The theory of mind control techniques is one that comes with all manner of preconceived notions. It would be difficult to find a topic in self-development circles that draws more definitive and polarized opinions that this one. The reason should be fairly obvious: no one wants anyone to control their mind nor do they wish to see others gain control of the mind of someone else. Yet, such procedures have been performed with an alarming sense of frequency over the centuries.
But are mind control techniques truly something to be alarmed over? This question may seem somewhat obtuse on many levels because a reflexive response will be elicited once it is asked. Most people will recoil at the mention of mind control techniques for a relatively simple reason: they do not want someone controlling their mind.
Or do they?
What if you were a chronic smoker and were seriously fearful of suffering from heart disease or another serious illness? Would you be willing to undergo hypnotic mind control in order to prolong your life or increase the quality of it? Would you accept the process of employing such benign mind control techniques to correct your addictive and severely troubling behavior?
You might very well be inclined to do so and possibly even more so if you have tried scores of other techniques that did not turn out to be as effective as you wished. You may very well be more inclined to undergo mind control techniques considering the fact that it is your health you so strongly wish to preserve.
Would you, however, be willing to force such an action on someone else, realizing the individual would be likely doing his body harm although he has made the choice to do so of his own volition. Do you have a right to alter his mind for his own good?
This is not the place to delve further into such questions of ethics and ethical behavior. However, it can be said that most would probably feel great unease about modifying a person’s behavior without his/her consent. As such, mind control techniques are best served as an elective process. In other words, you need to be willing to undergo the techniques in order to experience the benefits of them.
When the techniques have been imposed upon you, they are of little value. But when you undergo them of your own free will to achieve improvements then you are gaining benefits from the process.

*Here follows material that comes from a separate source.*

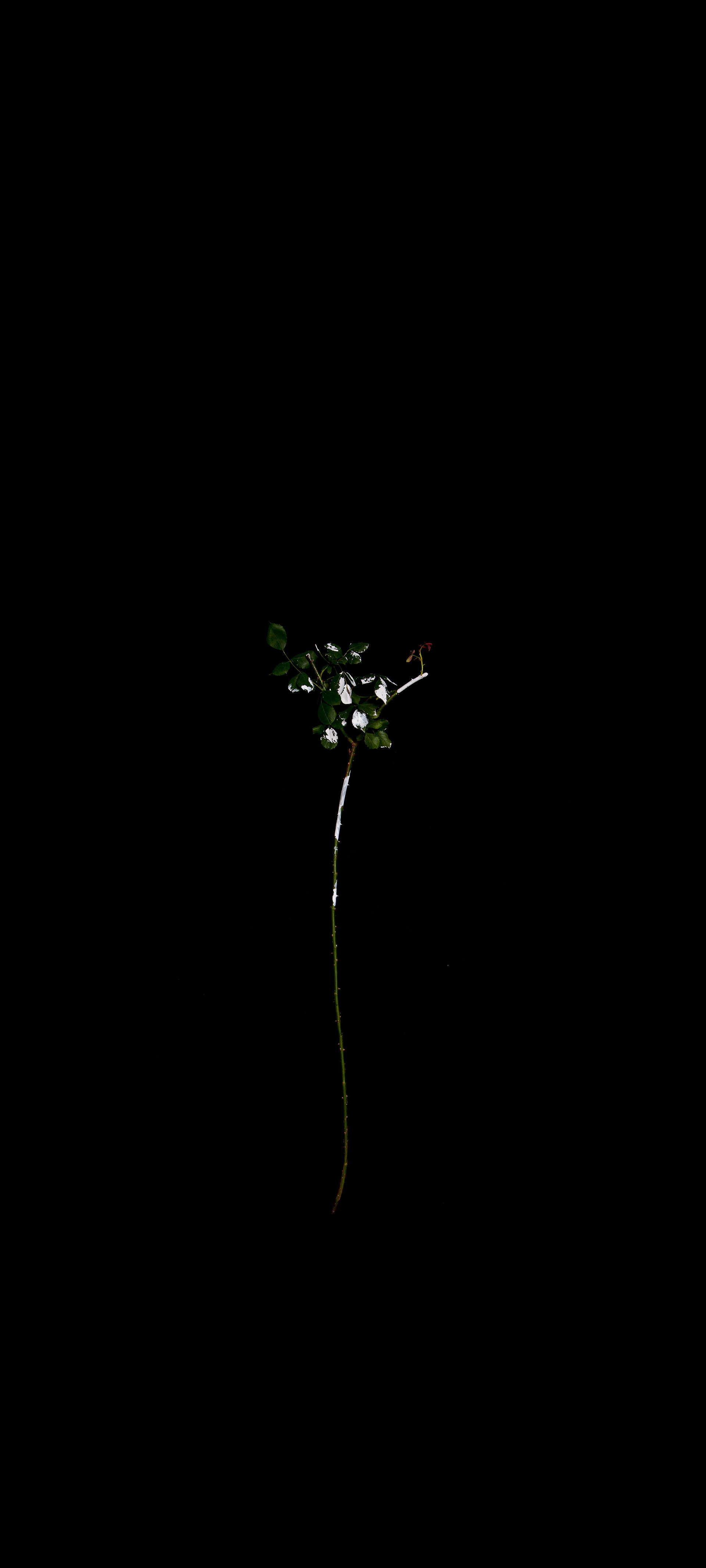"Another White #1" / 2020/ 180x400cm / print on film, light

There is a bit of paranoid concern over what mind control techniques can deliver. Namely, when you alter and change your mind, you run the risk of becoming a “new person” in the extreme sense of the word.
In short, because your mind has been altered and changed, your physical form is now severed from your history. After all, the mind is shaped by the memories and experiences of what came before. Humans are the product of their own personal experiences and experiences are recorded in the conscious and the subconscious mind.
And what happens if the new and enhanced version of you is connected to troubling memories? Would this not lead to repeated bouts of anxiety and depression?
The likelihood of something such as this happening would have to be considered exceedingly rare and extreme. Only serious and highly expansive mind control techniques could alter the mind to such a dangerous degree. Mind control techniques of this nature would be at the core of a totalitarian regime, as opposed to a holistic process of New Age self-improvement. Yet, many of the fears surrounding altering the mind are pervasive and, in a way, such pervasiveness is understandable. We draw much of our understanding of this topic from depictions we come across in popular culture as opposed to any serious or real examination of factual events.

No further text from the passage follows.